• **Brief descriptive captions**:
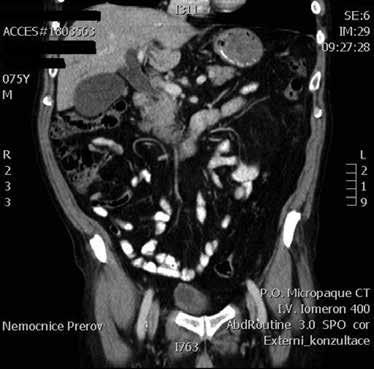 pokroky v diagnostice, léčbě a zlepšené přežívání některých nádorových onemocnění vedou k narůstající frekvenci výskytu druhých nádorů u vyléčených nemocných s nádorovým onemocněním [4].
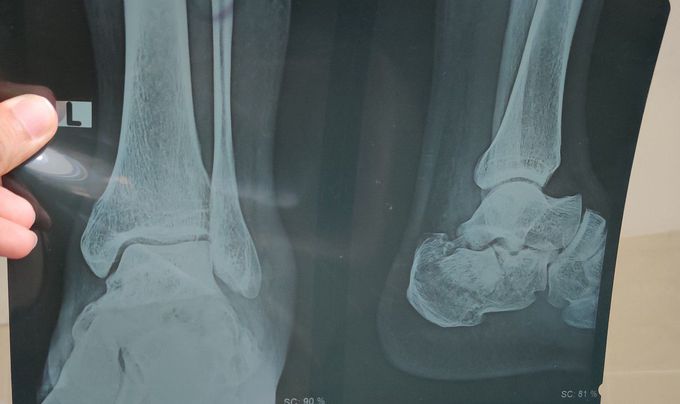 Calcaneum Fracture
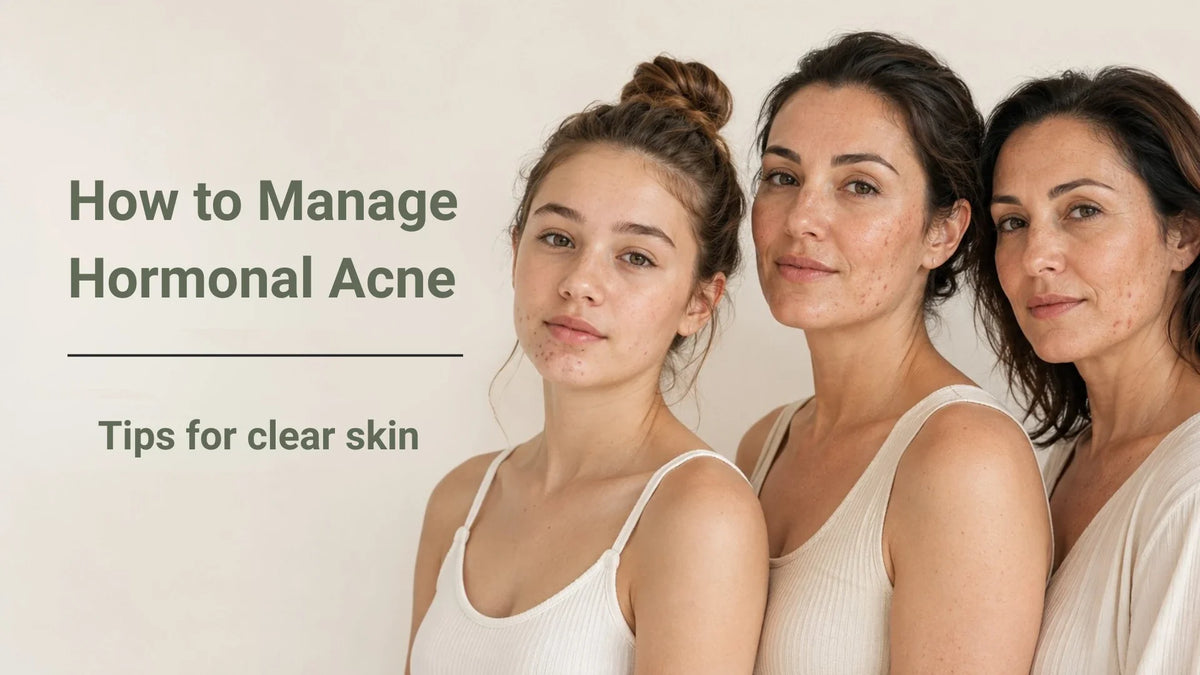 How to Manage Hormonal Acne: Tips for Different Ages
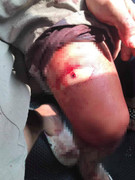 Đang ăn cơm trưa, 3 người trong gia đình bị nhóm côn đồ lao vào truy sát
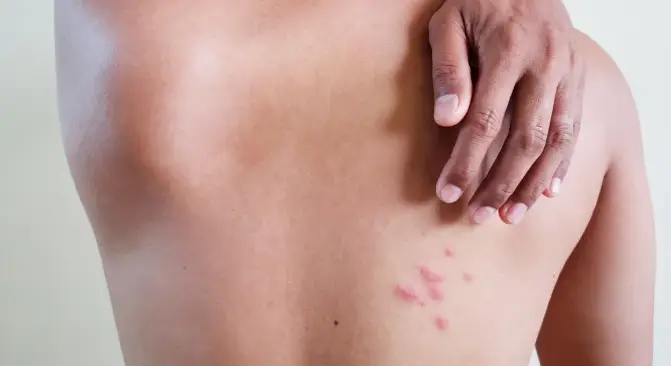 herpes zoster di punggung
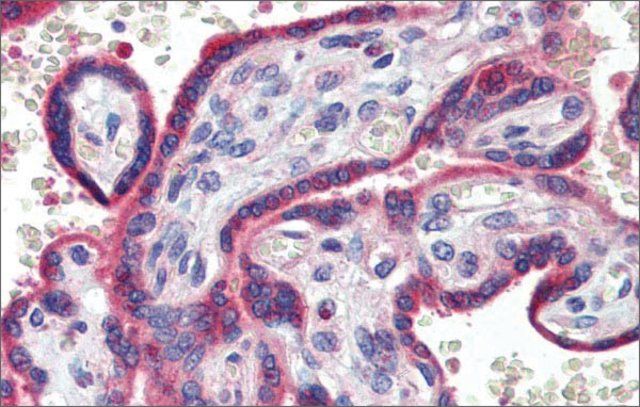 Anti-ZNF165 antibody produced in rabbit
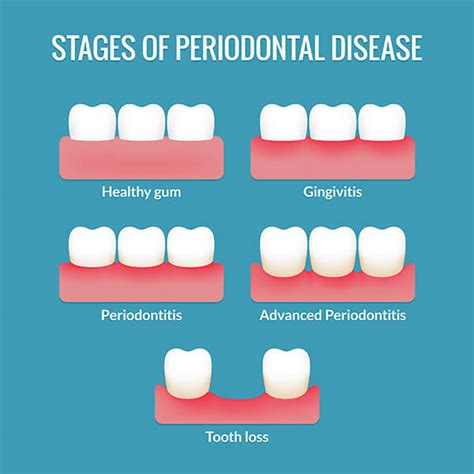 Periodontal Disease Stages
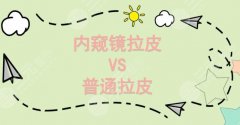 内窥镜拉皮和普通拉皮的区别|适应症_创伤_果等4个方面深层盘点! 内窥镜拉皮和普通拉皮的区别|适应症_创伤_果等4个方面深层盘点!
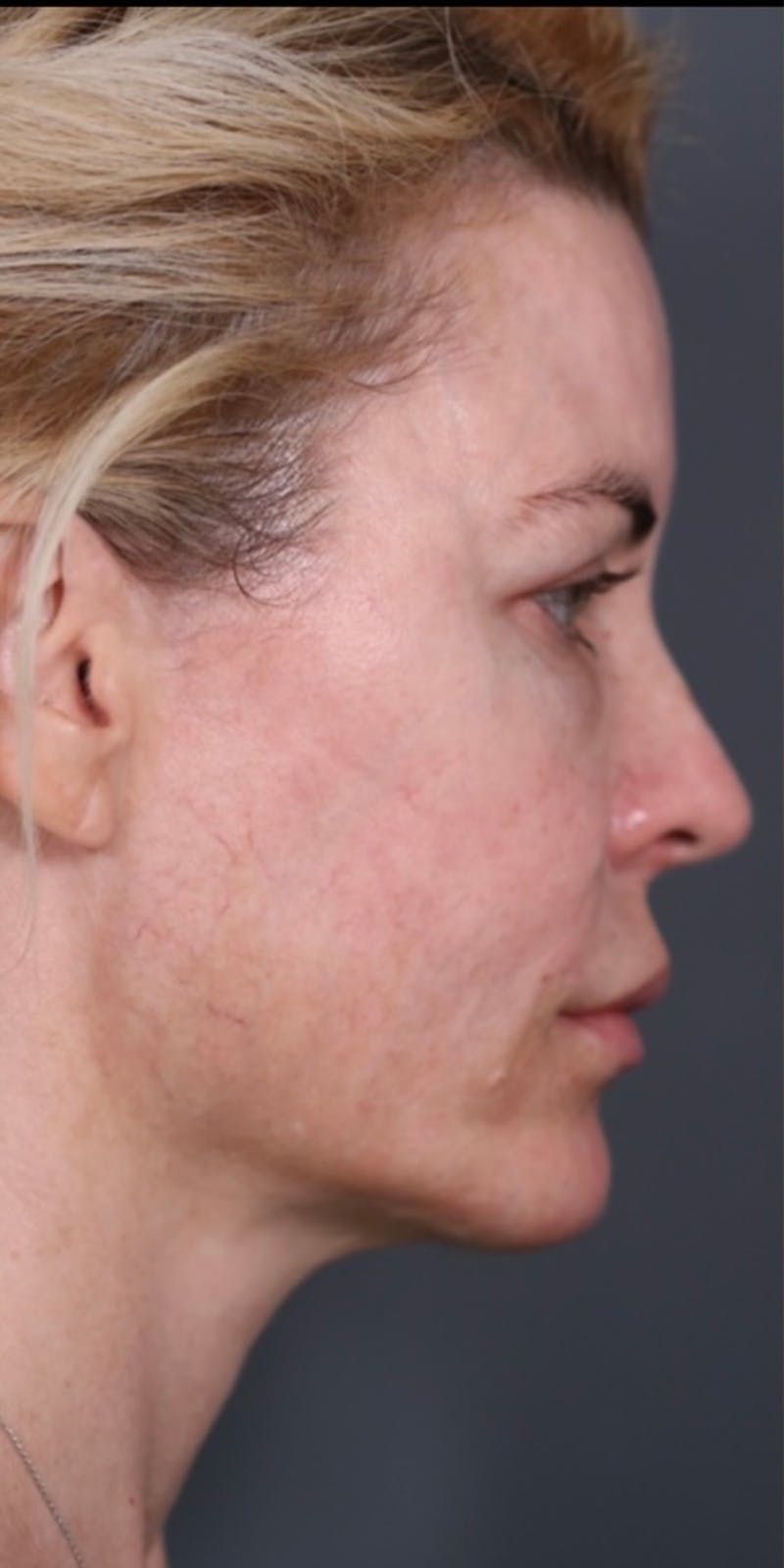 Halo Laser Before & After Gallery - Patient 147537783 - Image 7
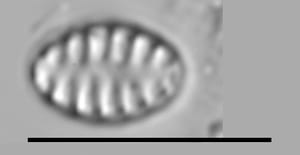 Staurosirella neopinnata LM7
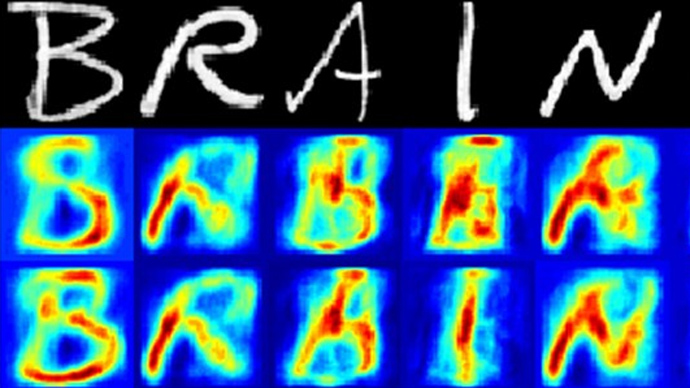 Mind reading: Scientists reconstruct letters from brain scan data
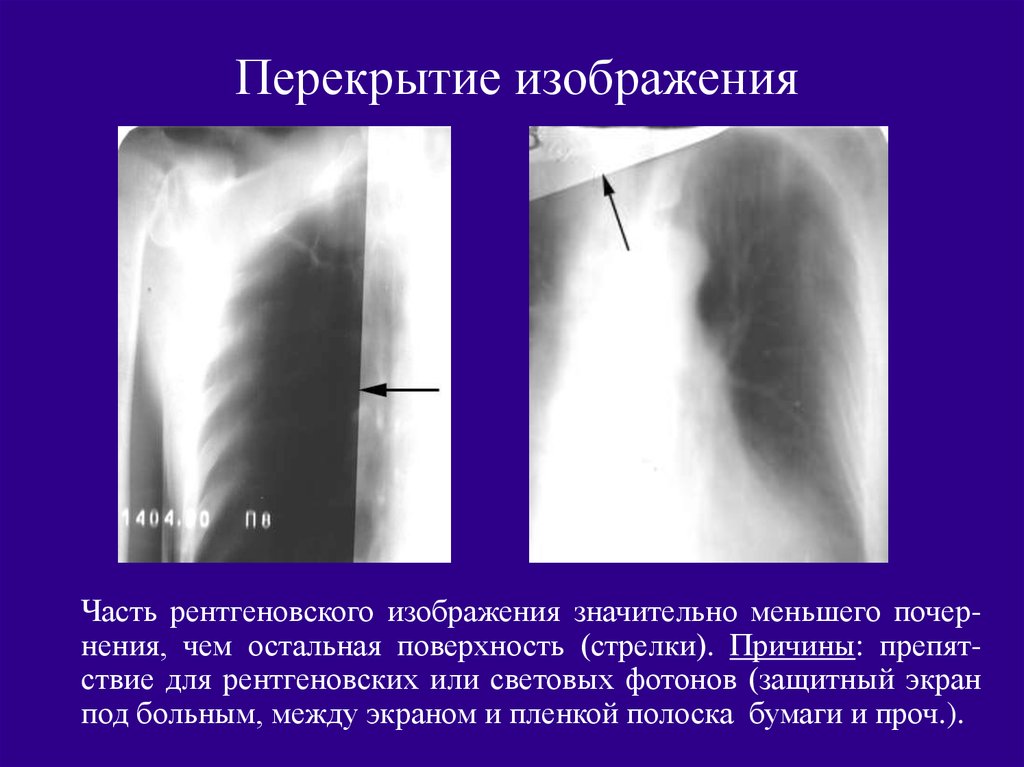 Характеристика изображений на рентгенограммах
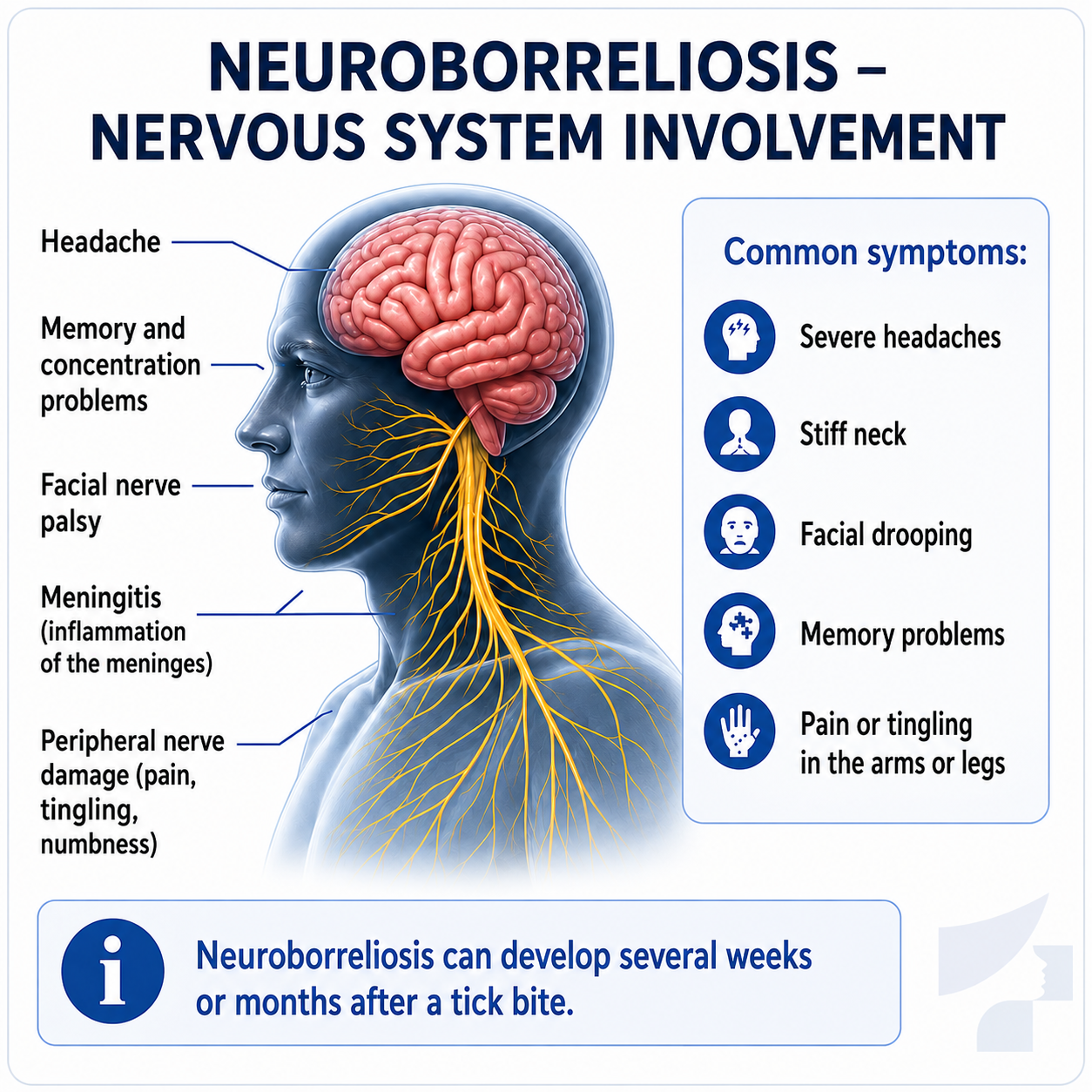 Neuroborreliosis illustration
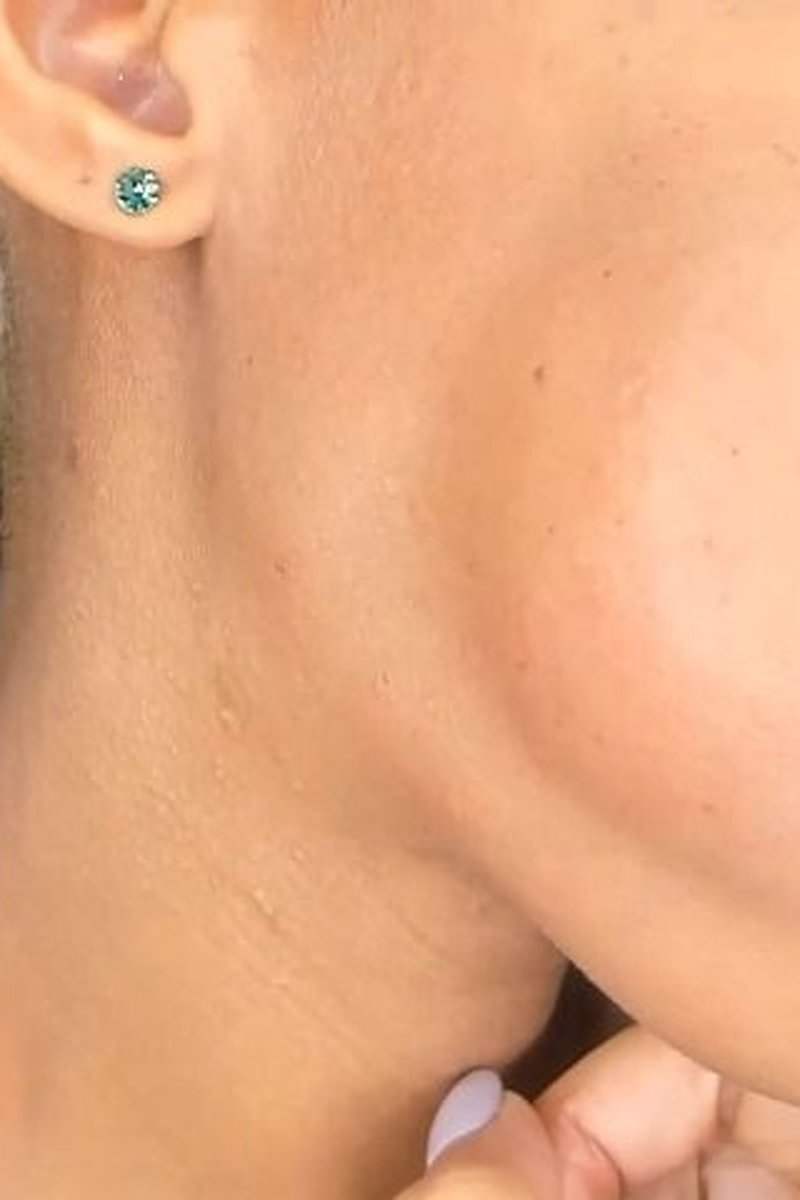 Cheek Puffing - Screenshot 1 of 4 - Black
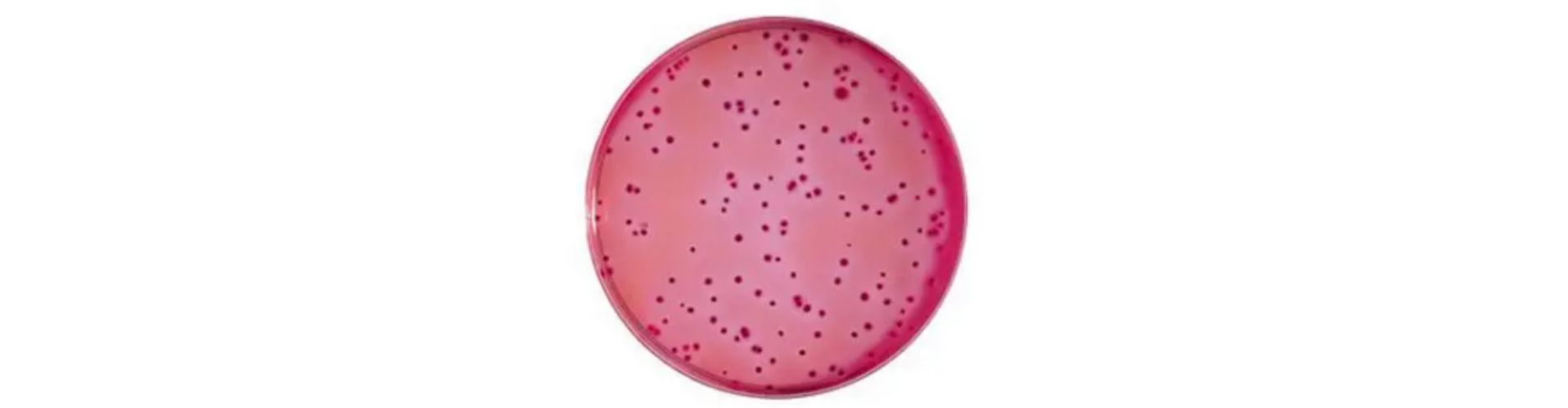 Enterobacteriaceae Aranması ve Sayımı
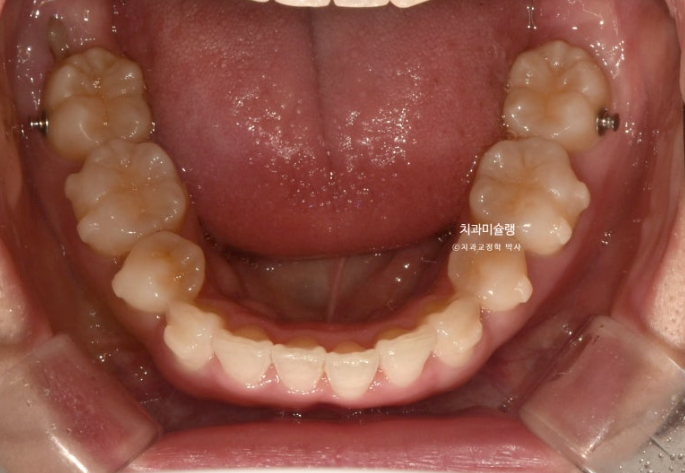 돌출입 덧니 발치 교정 인비절라인 교정 후기 관련 이미지 13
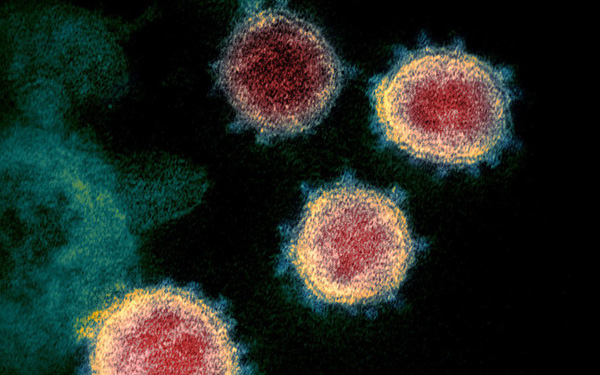  Nghiên cứu mới: Không chỉ phổi, virus SARS-CoV-2 còn có thể làm tổn thương não - Ảnh 1.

• **WHAT TO PRODUCE**:
Restate word for word the lines that begin at the one containing "Mind reading: Scientists" and end with the final line of the records. Pictures stay out.

• **ANSWER SPACE**:
 Mind reading: Scientists reconstruct letters from brain scan data
 Характеристика изображений на рентгенограммах
 Neuroborreliosis illustration
 Cheek Puffing - Screenshot 1 of 4 - Black
 Enterobacteriaceae Aranması ve Sayımı
 돌출입 덧니 발치 교정 인비절라인 교정 후기 관련 이미지 13
  Nghiên cứu mới: Không chỉ phổi, virus SARS-CoV-2 còn có thể làm tổn thương não - Ảnh 1.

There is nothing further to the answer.